Why are you limiting a to the natural numbers?
Also, you have two sets, not a set of ordered pairs.
{a, b | a ∈ R, b = (-3/2)a}
I wasn’t making a complete statement of the entire solution, just an example. Your statement is certainly a. more comprehensive answer; I just didn’t have time and wasn’t in the mood to apply proper set notation.
Stranger
Maybe it would be more clear to the OP, as well as everyone, to consider the related question, “Describe all lines in the plane that intersect the point (3/2, 0).” Then it is geometrically clear what is going on. NB that for vertical lines you cannot write y as a function of x, so geometrically all the answers are parameterised by a projective line, something something
Would you mind telling us which “old high school algebra and trig” books, specifically, you found this problem, perhaps even with the name of the chapter/section in which it was found? The copyright date(s) of the textbooks could also be helpful.
I am not sure I understand what is meant by “solution set” and does the notation “3/2” mean a value of 1.5 or is it shorthand for, I dunno, perhaps those values of a and b where x would equal 3 and also those values were equal to 2?
Of course if the book is for Linear Algebra and the section is on matrix solutions, I am not going to be much help, I never understood matrices, neither in HS or College (and I had more math in college than some math majors).

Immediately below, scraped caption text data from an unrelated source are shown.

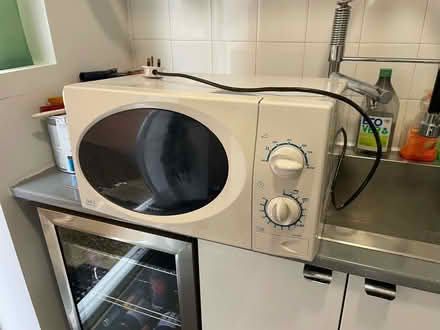 Photo of free Microwave, Samsung 800w (London Rd, HW HP11) #2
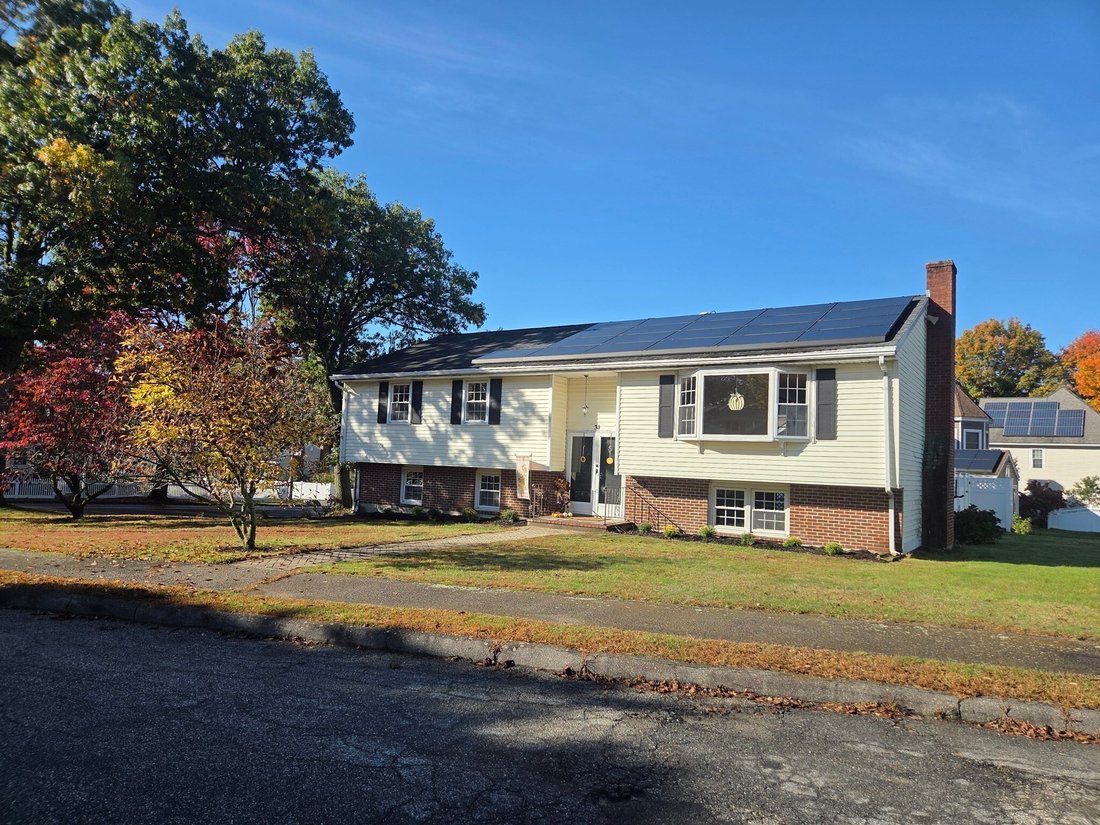 House in Stoneham, Massachusetts, United States 3 - 19109267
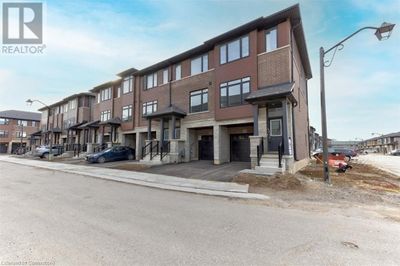 461 Blackburn Dr, Townhouse with 3 bedrooms, 3 bathrooms and 2 parking in Brantford ON | Image 1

I believe I can answer that one. Think of a and b as parameters. Given values for them, solve the equation ax+b=0 for x. The set of values of x making this an equation is called the “set of solutions”. Generically, the solution set will consist of a single value, but not always; for example when a=0.
The solution set would be the set of possible values of x that make the equation true. Basically, they’re asking the student to create a simple algebra problem whose solution is “x = 3/2”.

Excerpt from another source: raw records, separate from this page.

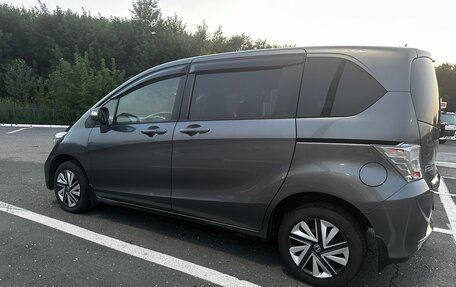 Honda Freed I, 2012 год, 1 220 000 рублей, 8 фотография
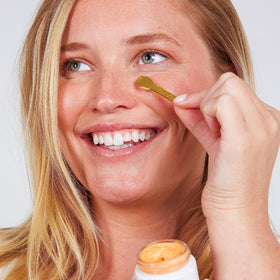 Ogee organic label close-up confirming certified organic ingredients benefit
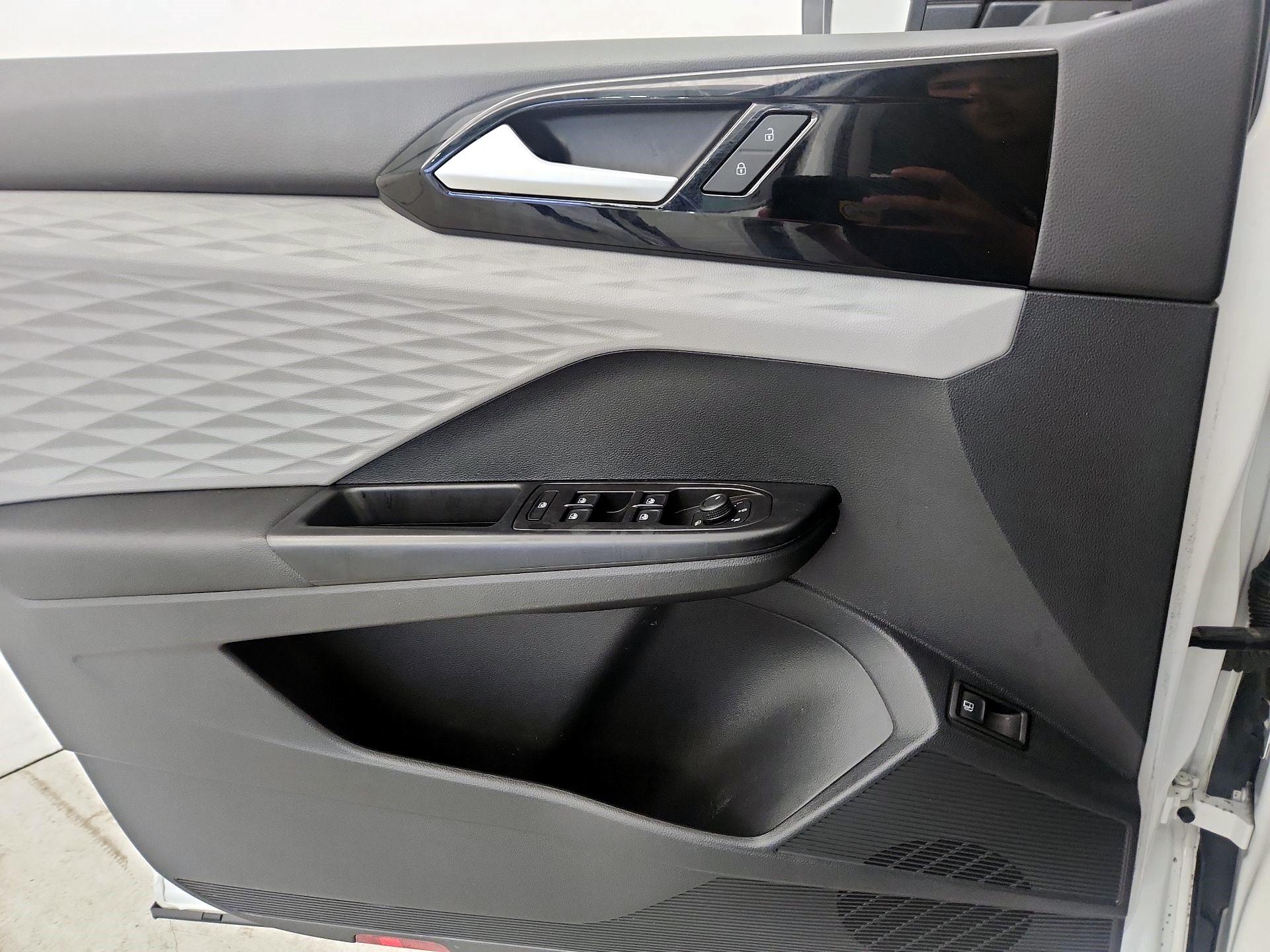 Thumbnail: 2023 Volkswagen Taos - 12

So, a=0 and b=0 would be a trivial answer, correct?
And a=2/3 and b=-1 would be a valid answer? Unless HS algebra has gotten extremely involved since the 1970s, I am not sure what more could be said.

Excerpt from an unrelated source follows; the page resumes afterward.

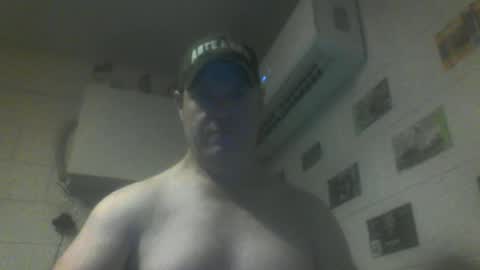 Snapshot of kiwiguy19773 chatting on 06-15-26, 06:48 kiwiguy19773 online show from 06-15-26, 06:48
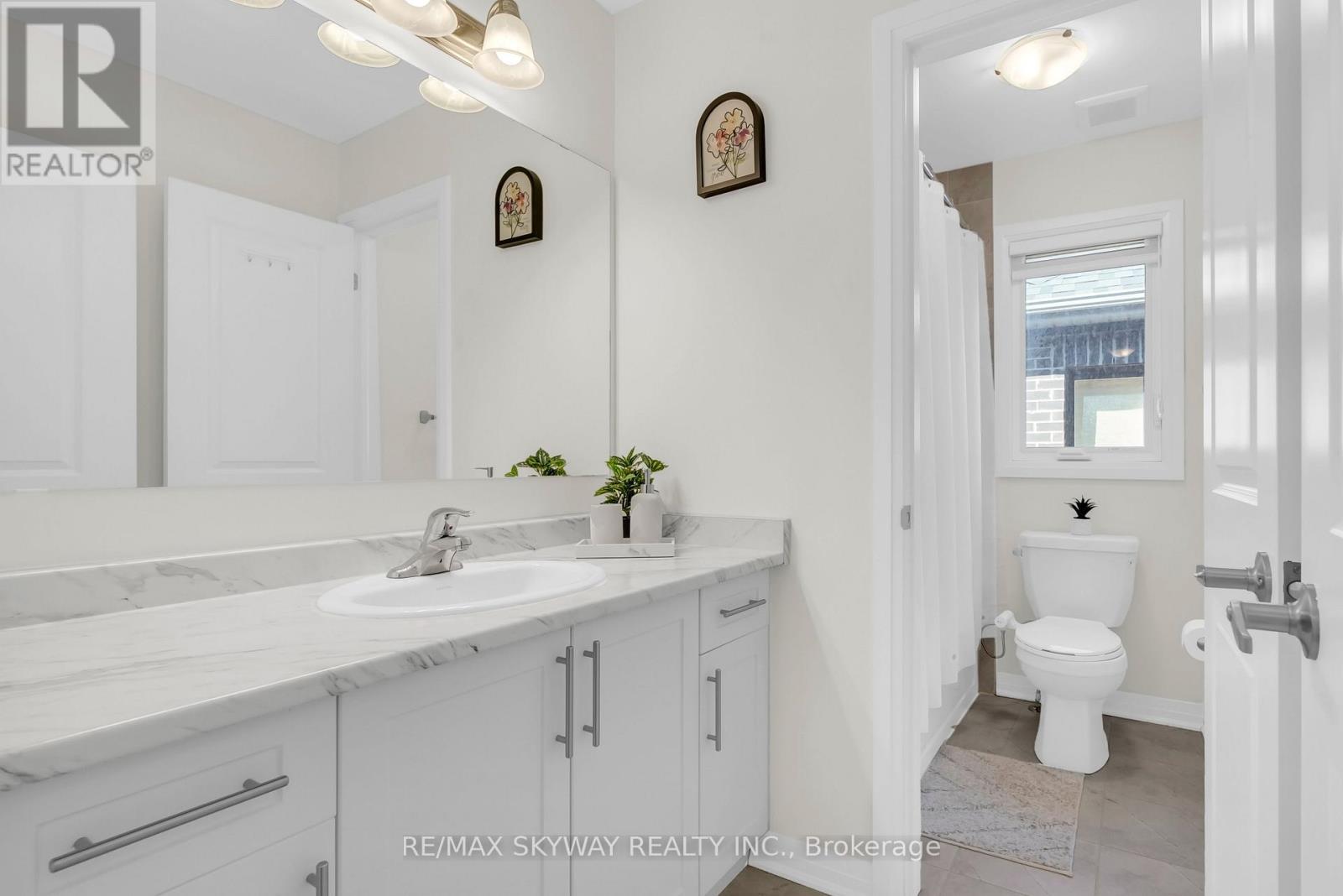16 TYLER AVENUE - 39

I guess all values where b=-(3/2)a would also be correct, or would that be considered wrong for being too vague as it does not give specific values for a and b?
Not for the problem quoted in the OP, no. You will have additional solutions when a = b = 0, because any x will work.
Which is what makes it trivial, correct? The solution set is true, but so are all values outside the solution set.
I mean, when b=-3 and a=2, then you solve 2x-3=0 for x; you get x=3/2, or x\in\bigl\{\frac{3}{2}\bigr\} if you will. So far, so good. In the case a=b=0, the solutions are x\in\mathbb{R}, so no good. You want to determine all values of a and b which make the solutions x\in\bigl\{\frac{3}{2}\bigr\}, no bigger and no smaller.
Respectfully submitted for your perusal
From. . . “Fundamentals of Algebra and Trigonometry” by Earl Swokowski. Second edition. 1971. #20 on Page 51 
Ah, yes, and they’re getting at the fact that there are an infinite number of answers when they say “Are these the only possible values of a and b?”. And they’ve clearly dealt with the concept before, given that they have other, similarly-phrased questions.
I’m not questioning your answer, but it seems to me that is a bit much for HS algebra. At least, for the HS algebra they taught in the 1970s.
On review, I believe we are saying the same thing. The answer a=b=0 would have been marked wrong as being a trivial answer in any of my algebra, trig, or calculus classes I had in HS, but either a=2/3 and b=-1 or b=-3 and a=2 would both be acceptable. To me, the additional questions to the problem are vital to understanding.
Finally, looking at the information submitted below by the OP, it seems we are both correct. Incidentally, it is possible that is the text I used in HS.
It’s not wrong because it’s trivial; it’s wrong because it gives the wrong solution set.
The impression I got from the OP is pick a & b so that x = 3/2 is the only solution.